● Source data:
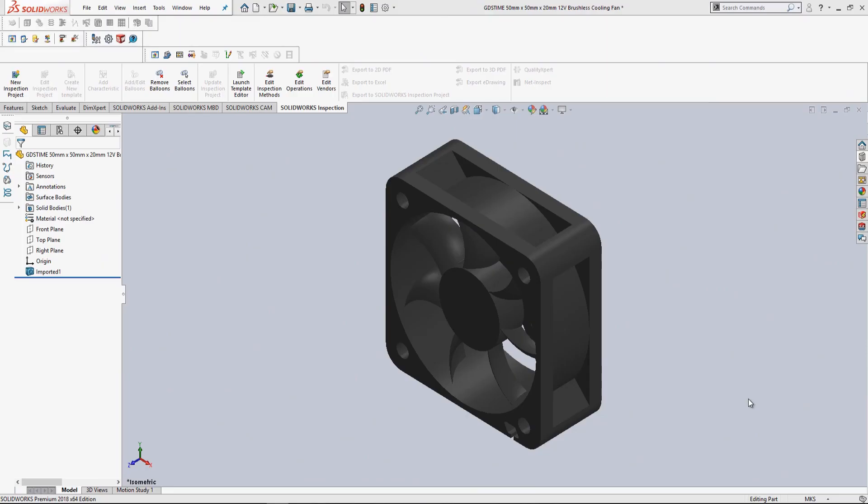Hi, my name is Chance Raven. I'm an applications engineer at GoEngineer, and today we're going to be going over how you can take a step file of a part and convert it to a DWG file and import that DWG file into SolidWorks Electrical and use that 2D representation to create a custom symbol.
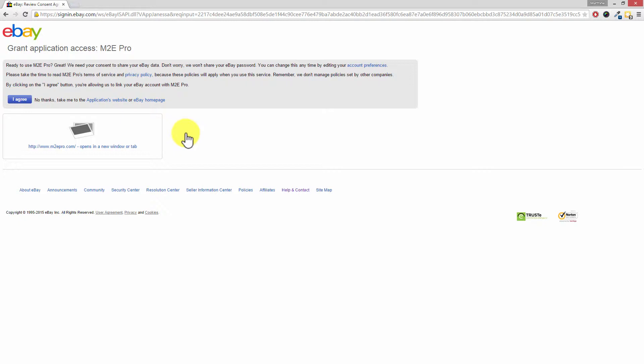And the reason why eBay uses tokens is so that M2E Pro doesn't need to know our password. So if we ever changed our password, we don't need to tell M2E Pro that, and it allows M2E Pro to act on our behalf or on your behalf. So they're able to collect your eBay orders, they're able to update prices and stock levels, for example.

---

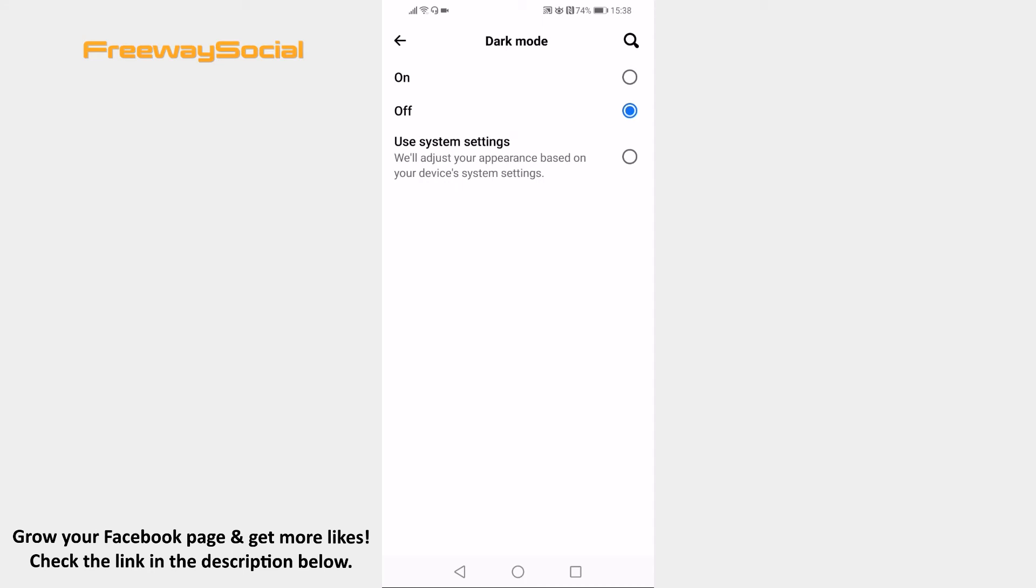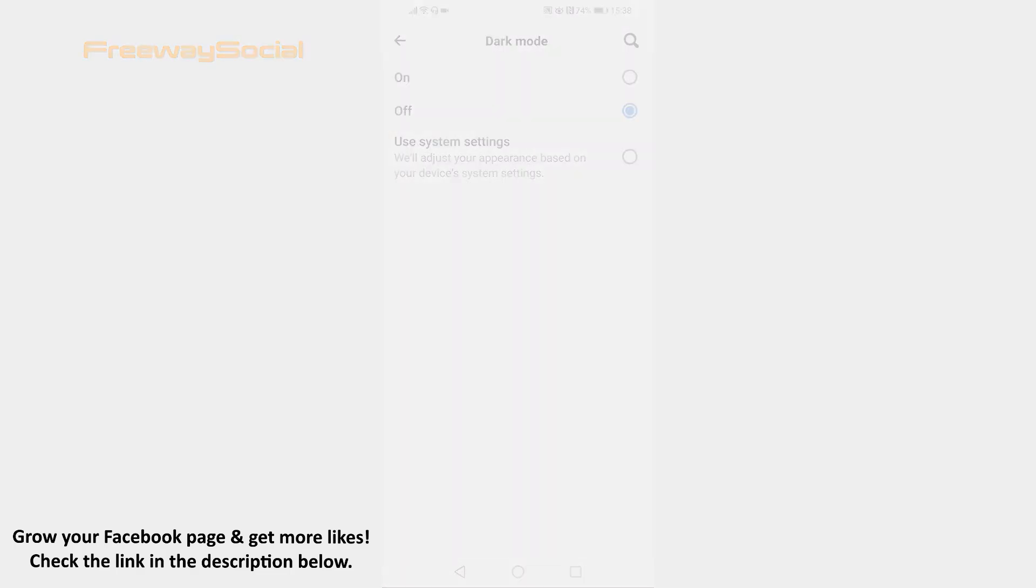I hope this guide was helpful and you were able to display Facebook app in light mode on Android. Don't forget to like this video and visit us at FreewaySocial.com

● Requirement: For this task, return exactly the stretch of the listing above from the line with "Hi, my name" through the line with "And the reason", inclusive and without pictures.

● Task response:
Hi, my name is Chance Raven. I'm an applications engineer at GoEngineer, and today we're going to be going over how you can take a step file of a part and convert it to a DWG file and import that DWG file into SolidWorks Electrical and use that 2D representation to create a custom symbol.
And the reason why eBay uses tokens is so that M2E Pro doesn't need to know our password. So if we ever changed our password, we don't need to tell M2E Pro that, and it allows M2E Pro to act on our behalf or on your behalf. So they're able to collect your eBay orders, they're able to update prices and stock levels, for example.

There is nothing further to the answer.